▸ **TO DO**: Drop the pictures and extract exactly the lines from the one that contains "Art Deco Morocco" through the end of the material.

Top of RECORDED INFORMATION

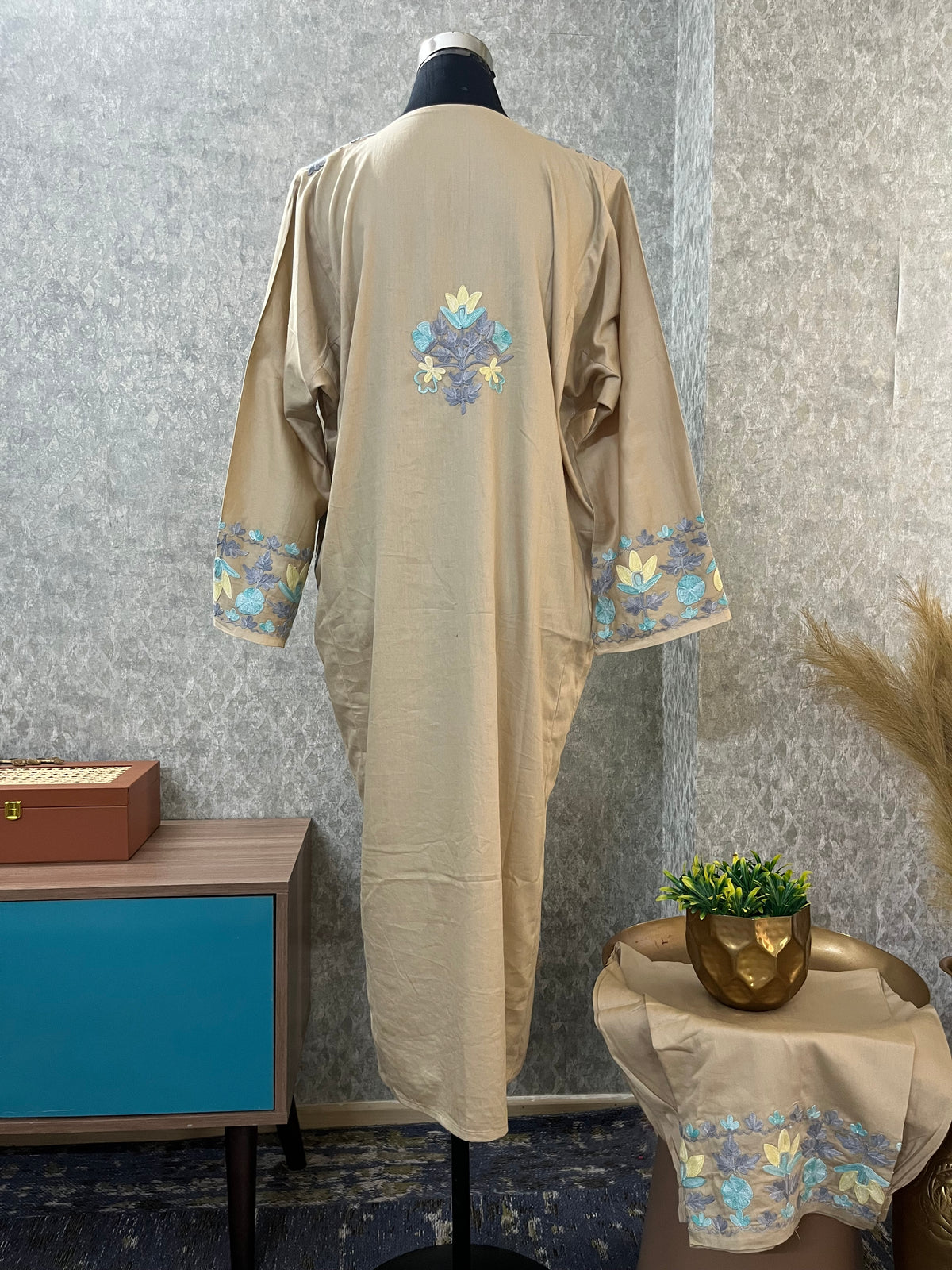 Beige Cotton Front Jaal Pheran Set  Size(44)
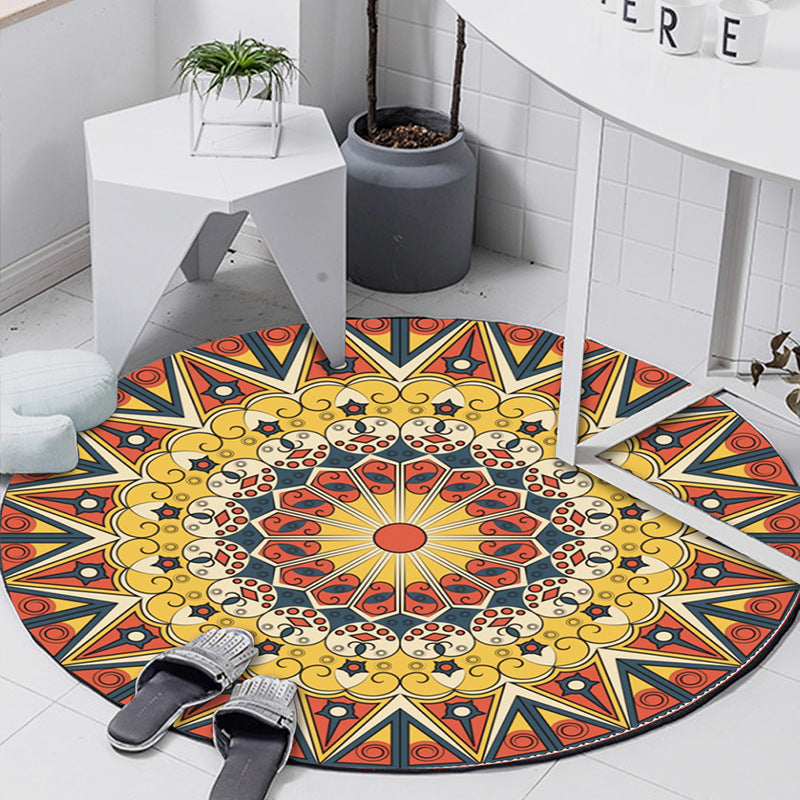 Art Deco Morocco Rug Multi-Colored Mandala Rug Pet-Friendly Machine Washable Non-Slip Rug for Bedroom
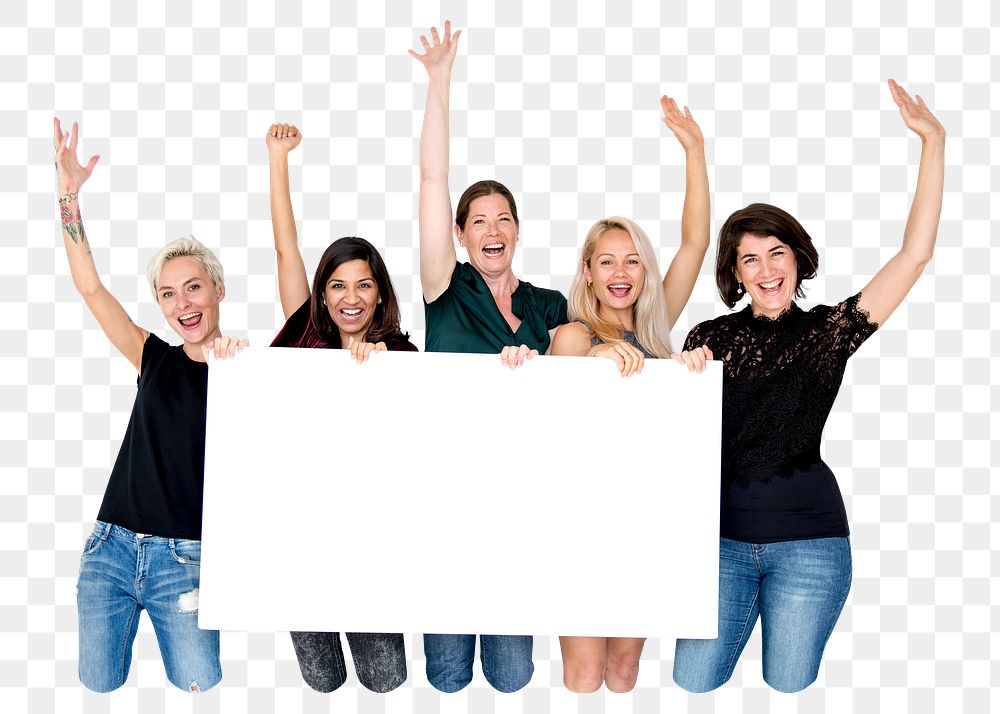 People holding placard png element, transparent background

Bottom of RECORDED INFORMATION

▸ **ANSWER AREA**:
 Art Deco Morocco Rug Multi-Colored Mandala Rug Pet-Friendly Machine Washable Non-Slip Rug for Bedroom
 People holding placard png element, transparent background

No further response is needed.